I headed down for the launch and found that the system worked. As promised, rather than an empty shelf, the card packs were ready and waiting. I was finally able to pick some up.

A hand holding two packs of Chaos Rising Pokemon cards.
Success at last! Credit: Sam Haysom

Before I left, I caught up with 35-year-old store owner, Ben Thyer, who described the current boom as a "perfect storm" created by a rise in Pokémon card streamers, flashy celebrity headlines like Logan Paul's $16 million Pikachu Illustrator record auction, and the fact that 2026 is the 30th anniversary of the card game.

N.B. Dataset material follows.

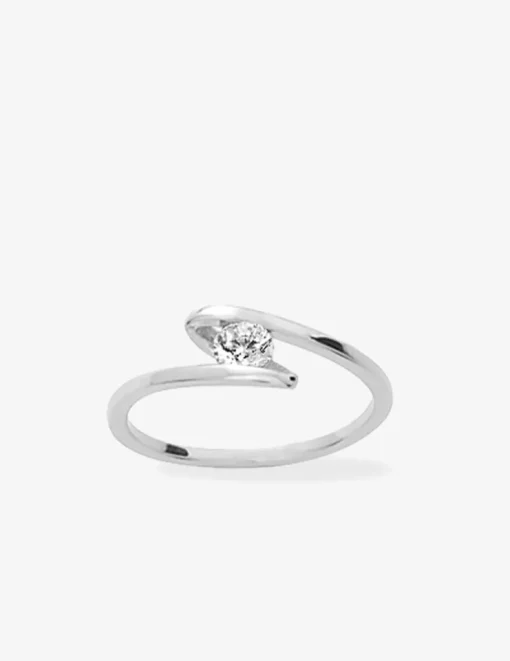 Bague solitaire fantaisie argent rhodié 925 ‰ et oxyde de zirconium 4 mm SO OR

"We're seeing the people that would buy trainers and stuff, to flip for profit, now coming over to Pokémon to do the same thing," Thyer told me. "It used to be you could buy Pokémon, everyone would buy it to open and enjoy, some people would keep it sealed but the return would be in four, five, six years. Currently, because of how the market is and how sparse it is, the return is instant."

Unlike many retailers, Bath TCG counters this with a tiered system. Players of the game are in Tier 1, loyal customers — who've already made several purchases — are in Tier 2, and everyone else is in Tier 3. All booster packs are limited to a certain number per customer, depending on the tier they fall into. Seals on booster boxes are broken to discourage resellers. All of this means that the stock doesn't immediately vanish when the doors open, and there are enough packs for everyone.

Three boxes of Chaos Rising  Pokemon  cards stand on a shop counter.
Seals are broken by staff to put off resellers. Credit: Sam Haysom

When I asked Thyer why distributors aren't simply supplying more cards to meet demand, he said that they are. But demand also means more retailers are ordering from distributors, including stores like Hobbycraft and The Entertainer that didn't used to sell Pokémon cards. This means the likes of Bath TCG aren't able to get any additional stock, despite stock levels in the UK being higher overall.

And as for whether or not this stock scarcity situation will change anytime soon? Thyer wasn't too hopeful.

"This is like a cyclical thing that we see sort of every three to four years, but it normally lasts six to nine months and it's not that intense," he said. "It's not really showing any signs of slowing down at the moment."